Virgil Abloh. Photo: Ivan Grianti.
Virgil Abloh. Photo: Ivan Grianti.

DYSFUNCTIONAL,” the group exhibition presented by international design studio Carpenters Workshop Gallery, in partnership with Lombard Odier, debuted during the Venice Biennale’s opening week at the floating city’s art-filled Ca’ d’Oro palace. With contributions by 22 leading forces in the art and design worlds, the exhibition has drawn crowds from around the globe, who have gathered to view site-specific projects that—per the show’s theme—explore the usefulness and uselessness of art and design.

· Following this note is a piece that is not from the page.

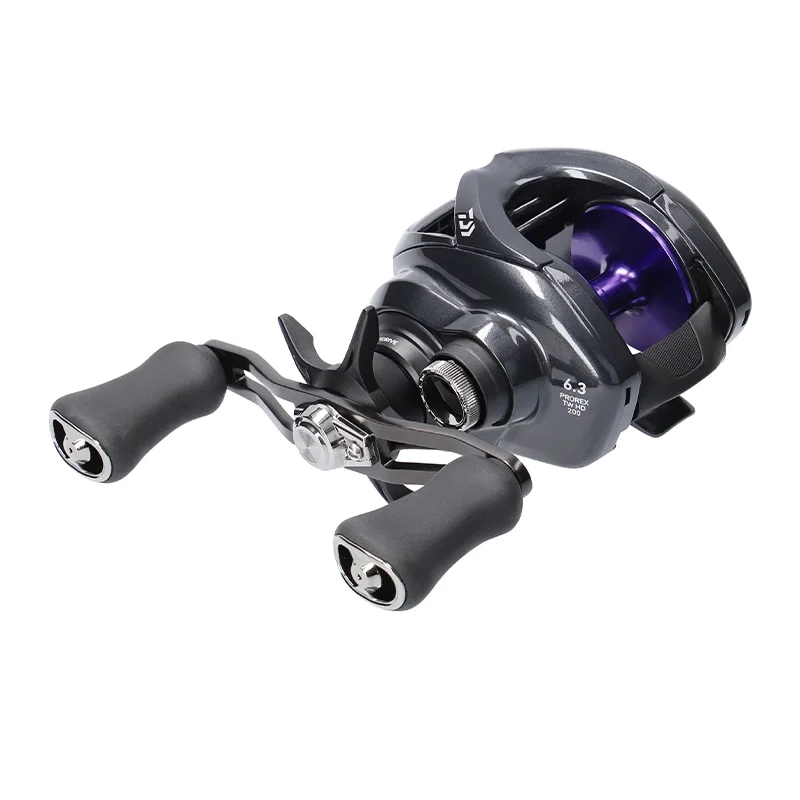 Daiwa 26 Prorex TW HD 200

For his contribution, Virgil Abloh, whose work spans several creative disciplines, from fashion and art to interior design and music, created a series of “sinking” chairs inspired by rising sea levels and the current state of Venice. His project, titled Acqua Alta, which is on view from now until November 24, is, in a certain sense, a call to arms for viewers to acknowledge the fragile state of the world in which we live, as well as a statement about how the collapsing environment might interfere with the functionality of objects we rely on in everyday life.

We spoke with Abloh about how he conceived the series, where he looked to for inspiration, and his views on the dialogue between art and design.

Abloh’s Acqua Alta series. Image courtesy Carpenters Workshop and Lombard Odier.

How did you interpret the theme of the exhibition? What, to you, is the meaning of functionality in art and design?

I think there’s a grey area that surrounds functionality because there’s a practicality to function and then there’s also an aesthetic fulfillment. So, I very much took to heart and am inspired by “DYSFUNCTIONAL,”, as you can see in the works—they aren’t balanced. We’re in Venice, a city sort of floating in water. There’s the natural occurrence of flooding, which has the city in a different typology. I liked addressing that notion head-on. In theory, the chair sort of loses its functional value when it’s not perfectly level, but in this instance it somehow can repay you more than a simple chair. It’s 2019, I think there’s a large number of regular, functioning chairs. In this context, [that’s how] these works came to be.

How are art and design different, and how are they the same?

Of course there are nuts and bolts, and lines in the sand that can make those two things distinct, but my own practice is built around blurring those lines. How can art be embedded in design? And how can art exist in a design context? That’s sort of, again, that grey area in which there’s a lot to explore and experiment with. What I’m interested in is, a chair gives you more than a [place to sit]. It seems that people only sit in a chair about 20% of its existence, but it’s 100% a visual cue and that’s what was intriguing for this sort of work.

Abloh’s Alaska Chair. Image courtesy Carpenters Workshop Gallery and Lombard Odier.

Tell me a little bit about the overarching purpose or messaging behind the chairs, which address rising sea levels.

That’s pretty much it, that they’re perceptibly sunken into the ground. Just as much as they can appear to be off-balance, I think about the remainder of water that’s pushed below the surface, too.

Why did you choose to create this work now?

A lot of my work is informed by societal contexts: the idea of climate change or global warming—or this idea of the earth being this sort of precious place. I thought that the most powerful component of art, in my premise, is how it can speak to those that aren’t in this setting, who are outside of this small community of art. What can speak to a general [audience]? I thought that this work, in this way, can give an artistic or design commentary on the fact that we are part of a larger ecosystem that includes the earth. There are things that are happening to our ecosystem at a different scale or pace than what humans can interact with. This chair sort of [acknowledges] that connection to the world around it.

What do you want people to understand or learn from it?

There’s no required reading. That’s the beauty of art. As an artist, everything I make is for the selected audience that’s into it.